Kami berjalan menuju stasiun kota, atau lebih dikenal Beos. Kami berencana akan mengamen hingga larut malam. Di panti, Mas Riki adalah kakak tertua dari kami semuanya. Aku sudah menganggap ia sebagai kakak kandungku sendiri. Umurnya memang tidak terlampau jauh dariku. Namun pemikirannya begitu dewasa dan bijaksana.
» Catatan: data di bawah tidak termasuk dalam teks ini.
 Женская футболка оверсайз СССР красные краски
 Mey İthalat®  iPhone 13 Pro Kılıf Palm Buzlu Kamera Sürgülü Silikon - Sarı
Rutinitasku setiap pagi adalah menabuh drum. Sedangkan Mas Riki yang menyanyi sekaligus bermain gitar. Sepanjang hari, kami mengamen di kereta dengan jurusan Beos-Tangerang, kemudian balik lagi. Kereta begitu ramai, hingga aku harus bedesakan dengan para penumpang. Banyak yang berdiri karena kursinya tidak cukup untuk menampung semua jasa penganggkut kereta ekonomi ini. Tak kalah, para Penjual ikut memadati kereta ekonomi jurusan Beos-Tangerang ini. Setelah kepadatan mulai merenggang kami pun mengamen.

*    *   *
Aku, Viana biasa dipanggil Pia. Beberapa orang memanggilku Via. Namun keluarga panti asuhan dan orang terdekat, biasa memanggilku Pia. Agak aneh sih. Tapi kata mereka ribet kalau memanggilku harus memakai huruf ‘V’. Hehe… yah biasa asli betawi, yang suka terbalik antara huruf V dan P. Aku adalah Pia, anak perempuan sebatang kara. Genap 19 tahun umurku sekarang. Sembilan tahun yang lalu, ayah menitipkanku pada Bu Dewi.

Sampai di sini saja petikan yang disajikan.